Essendo una sindrome sottodiagnosticata, avere un sistema che possa aiutare nella valutazione della diagnosi è solo un vantaggio, non sfruttarlo al contrario è svantaggioso. Un paziente che ha un pacemaker può contare su un sistema che attraverso semplici algoritmi è progettato per valutare la Sleep Apnea notturna, monitorandola anche per un lungo periodo di tempo. Avere impiantato un pacemaker che non offre questa funzione toglie quindi a un paziente su due la possibilità di intervenire su una patologia reale che, nei casi severi, richiede l’impiego della CPAP, la maschera da utilizzare durante la notte che può cambiare effettivamente il decorso della malattia.
Perché la vita media del paziente con Sleep Apnea portatore di pacemaker può calare drasticamente?

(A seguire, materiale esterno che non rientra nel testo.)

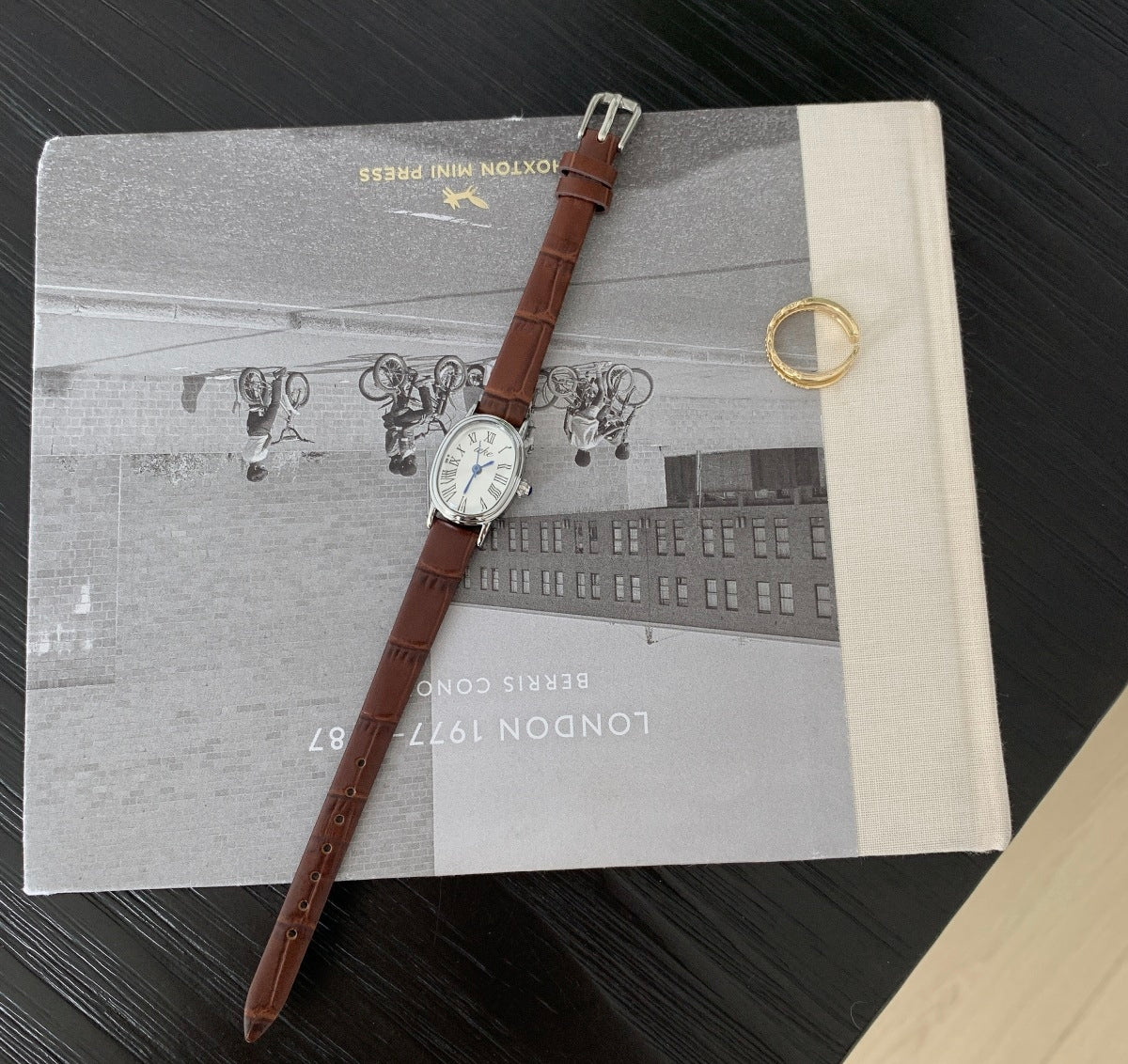 IEKE French Vintage Petite Oval Watch with Genuine Leather Strap - Classic Quartz Dress Watch for Women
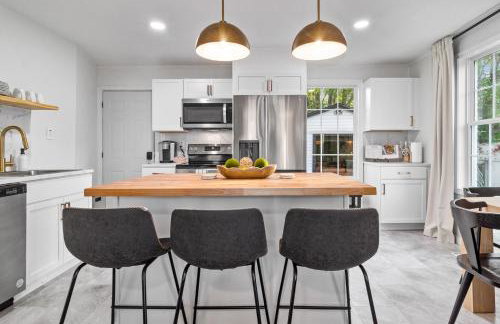 Game Room and Huge Yard with Fire Pit Yard Games and BBQ Near UE and Downtown - Foto 25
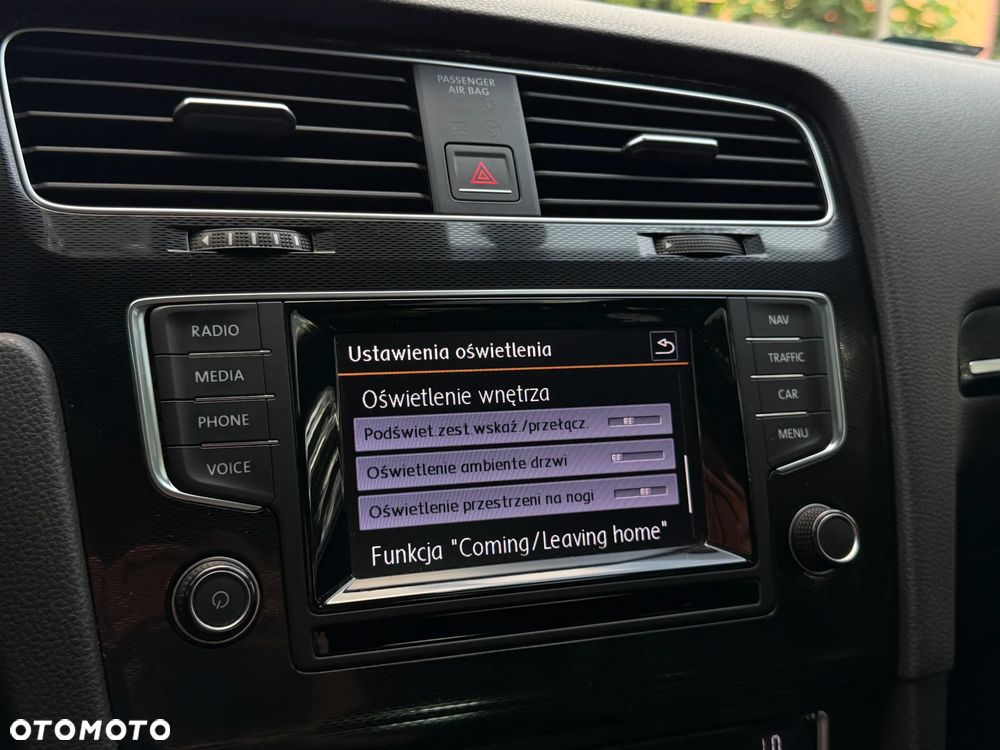 Volkswagen Golf - 36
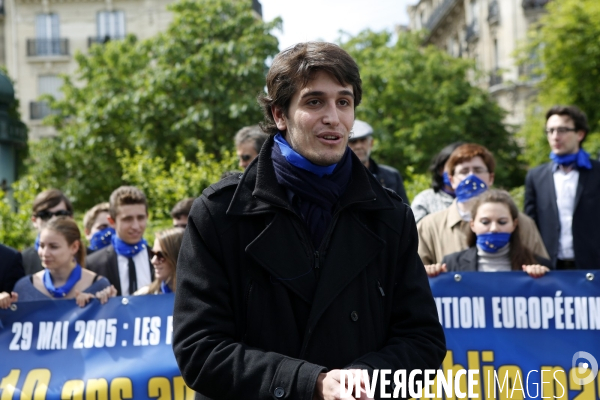 Action symbolique du FNJ pour rappeler les 10 ans du non au vote du traité Européen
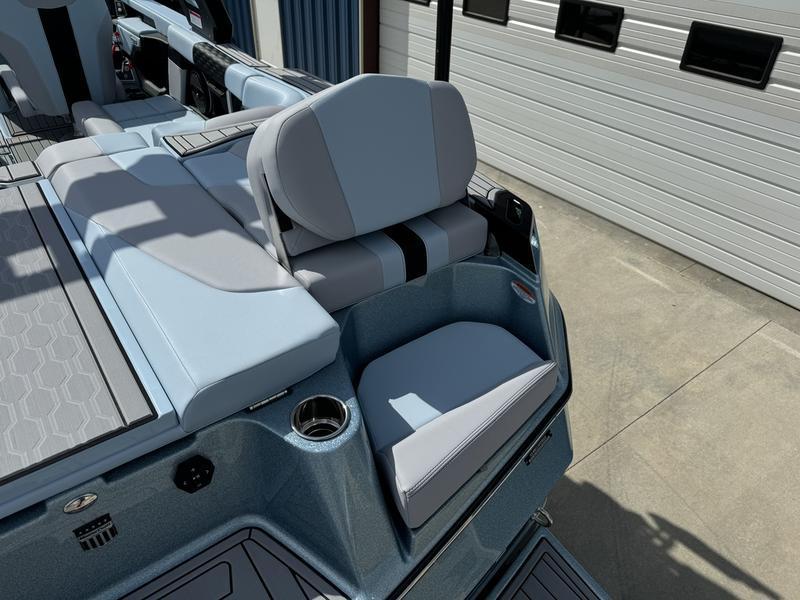 2025 MasterCraft XT23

La Sleep Apnea severa, che determina in media più di 30 apnee all’ora, si accompagna a prognosi di mortalità superiori del 5-10% a 2-5 anni dalla diagnosi iniziale. La mortalità è sempre difficile da valutare, è necessario farlo caso per caso. In linea di massima una Sleep Apnea molto severa porta ad una saturazione d’ossigeno con un conseguente aumento delle catecolamine circolanti, che determinano un aumento della pressione arteriosa media anche durante la notte, quando normalmente si riduce per dare modo al fisico di recuperare energie. In sostanza questa patologia obbliga l’individuo a lavorare ad un livello di energia superiore e ad un consumo più rapido delle sue risorse. Proprio come un motore che, girando sempre a un numero di giri elevato, si rompe prima di un motore che viaggia ad un numero di giri inferiore.